* as determined by a statistically insignificant number of friends
Too much yapping? Skip to the Top 10.
Welcome to Sunbury Music's picks for album of the year. What's Sunbury Music? It's an mp3blog that residents of the prestigious Sunbury House of Penn State University abandoned a few years ago (a move that was very uncharacteristic of their ilk). Why are there non-Penn State people involved? Good question. Someone should tell them to go back to their ivy-covered ivory towers.
This year has been both a banner and a confusing year for music. I know for some (obsessives) among us, it's been a year of musical surfeit. As if the years of unlimited musical copying and on-demand musical purchasing weren't bad enough for our overloaded ears, this year (for me, if not others) has been a year defined less by individual bands than by Lala.com and their listen-to-anything once model. On a culture already defined by flitting taste and staggering overabundance, Lala dropped a garbage truck of unbounded possibility.
But at the same time, Lala's model unleashed a counteracting conservative force. In many ways, Lala didn't make music more available (after all HypeMachine and a dozen other websites had made virtually any song (and it's seven remixes) available for years): it made, for the first time, albums available to experience, en masse, for free (once). And because of that, I've never been more excited about the album format: its death has been greatly exaggerated.
That said, not all things last. Twain after all is unexaggeratedly dead. Lala was recently bought by Apple who will almost inevitably gut it. Michael Jackson will never again be the backbone of a collective musical taste. Remixes may one day take the place of albums. Songs may be reduced to 7 seconds to fit our attention spans. Those damn kids may throw their ball on our lawn while listening to their loud music with its bip-bip this and their bap-bap that.
A few trends I thought were worth pointing out with limited comment: a hyper-concentration of music from New York (and a sizable segment coming from Brooklyn), an almost complete shut out of rap (and really, Chris, Mos Def's album is only solid, not great), an almost complete lack of music from Philadelphia despite its high voter representation (I blame this on a blighted year in the Philly music: thanks, Amanda Blank; keep playing with War on Drugs, Kurt Vile), and an alarming overlap with Pitchfork.

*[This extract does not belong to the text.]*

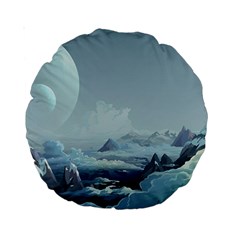 Mountain Covered Snow Mountains Clouds Fantasy Art Standard 15  Premium Round Cushions by Cendanart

Anyway, 17 friends have compiled their top ten lists. Using methodology I describe here, I've created the scientifically-approved master top ten list, an overall ranking, a geographic breakdown of worthless nerdiness, individual lists, a ranking of "most" similar users, and a page for each album.
Yes, this took way more of my time than it should have (although it would have taken a lot less if Google Sites allowed HTML uploads like I thought). No, I do not regret it. I'll add that a full 88% of the albums are available on Lala and have Lala's player embedded in the album pages for your convenience. I think that says something to Lala's breadth and influence.
Happy listeneing, 2009ers. Hoping to see you (and more of you) next year.
PS I await your movie list, Karphills. Bring it on.